Material shown>
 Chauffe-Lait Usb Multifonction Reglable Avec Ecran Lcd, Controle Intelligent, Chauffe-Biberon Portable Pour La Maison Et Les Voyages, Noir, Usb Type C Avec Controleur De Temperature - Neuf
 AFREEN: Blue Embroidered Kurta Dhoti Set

==

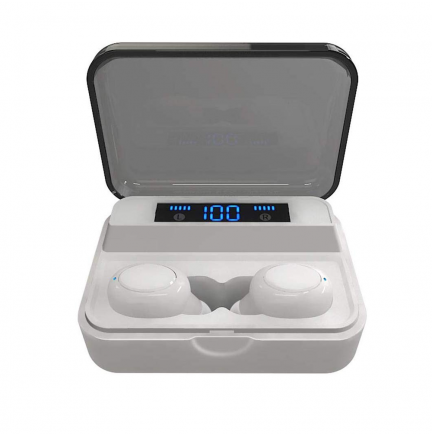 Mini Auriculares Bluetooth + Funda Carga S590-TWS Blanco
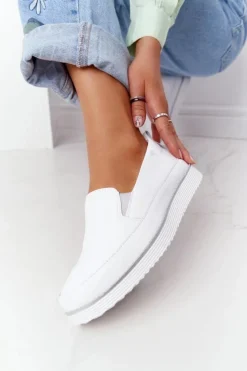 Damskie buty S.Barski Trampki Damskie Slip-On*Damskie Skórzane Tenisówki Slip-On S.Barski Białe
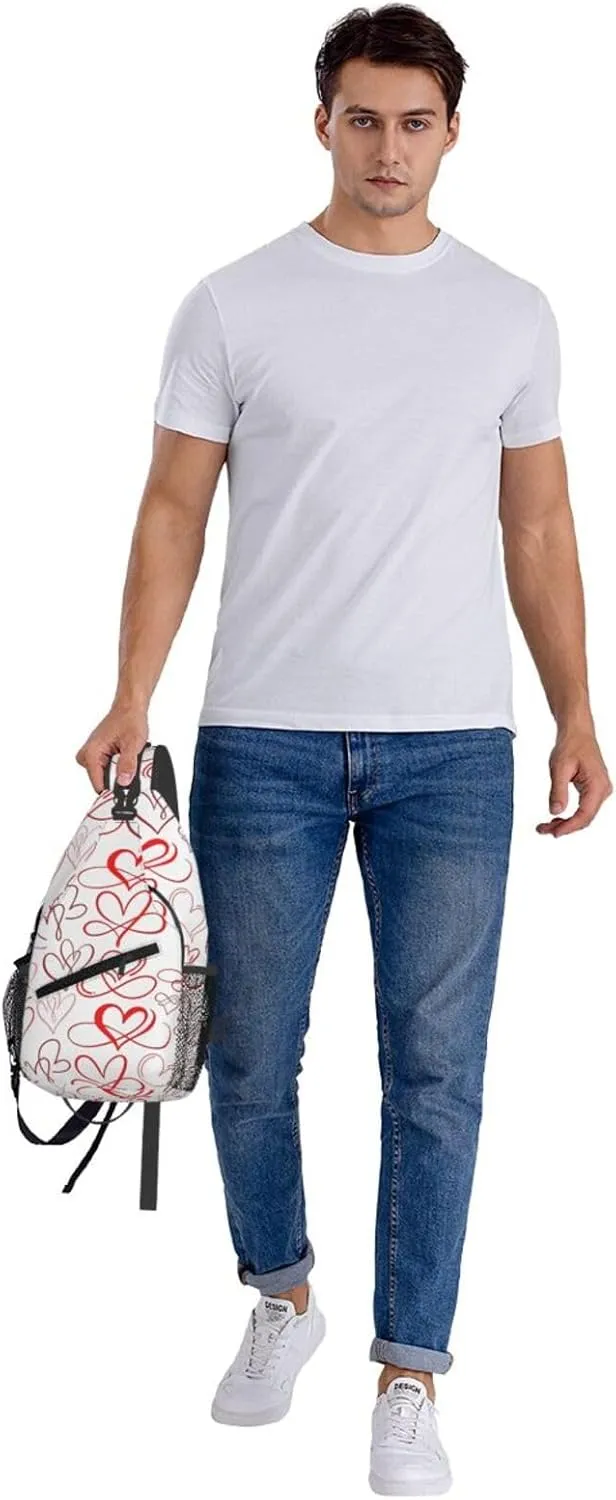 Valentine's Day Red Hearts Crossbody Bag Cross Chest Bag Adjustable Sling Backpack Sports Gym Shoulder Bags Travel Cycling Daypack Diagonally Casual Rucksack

What is being asked> For this exercise, repeat exactly the lines of the data above from the one with "Chauffe-Lait Usb Multifonction" down to the one with "AFREEN: Blue Embroidered Kurta Dhoti Set", both end lines included.

Expected answer>
 Chauffe-Lait Usb Multifonction Reglable Avec Ecran Lcd, Controle Intelligent, Chauffe-Biberon Portable Pour La Maison Et Les Voyages, Noir, Usb Type C Avec Controleur De Temperature - Neuf
 AFREEN: Blue Embroidered Kurta Dhoti Set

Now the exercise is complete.